An interesting cartoon in our paper the other day. First panel: George Orwell at his desk wondering if his book 1984 about people's personal info going to Big Brother is too preposterous. Second panel: Man calling to his wife, Honey I just uploaded our vacation pictures on Facebook, tweeted the relatives and checked in on Foursquare.... 
Several Regners live at my house and I enjoy them. Yesterday at the Rochester Institute of Technology train show my Wild Animal Park train (winner of the SitG Konrad bash contest) ran its usual many laps of my portable track pleasing young and old alike. 
Have fun, 
Tom


----------



## Larry Green (Jan 2, 2008)

It was a struggle, but the site finally accepted a user name, but not my usual "real" one.
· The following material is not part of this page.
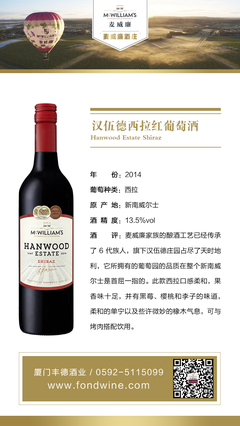 豐德酒業 深耕酒類進出口貿易，引領行業新風向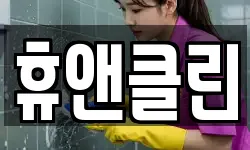휴앤클린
Thanks for the tips, Mike. 

My Regner is an 0-6-0 chassis kit that is becoming the basis for a 1:20 project engine, based on a Louisiana sugar plantation 0-6-4 built by Porter. 

Larry Green (larryg)


----------



## mocrownsteam (Jan 7, 2008)

Be careful Larry. Once you go down the path of sugar plantation locos you will never go back (VBG)! Next thing you know you'll be building Cuban plantation locomotives like me. Sounds like you are building a Godchaux Sugar steamer. Lots of good drawings for their locos in the NG&SL Gazette. 

Mike McCormack 
Hudson, Massachusetts


----------



## Larry Green (Jan 2, 2008)

Mike, you guessed right--their #7. Not going to be an exact copy, as the boiler would only be 1-1/2" dia. I decided on a RH Silver Lady boiler (2") and fittings for their known performance 
I have been sidetracked on this project for awhile, and it's about time to get back on it. 

Larry


----------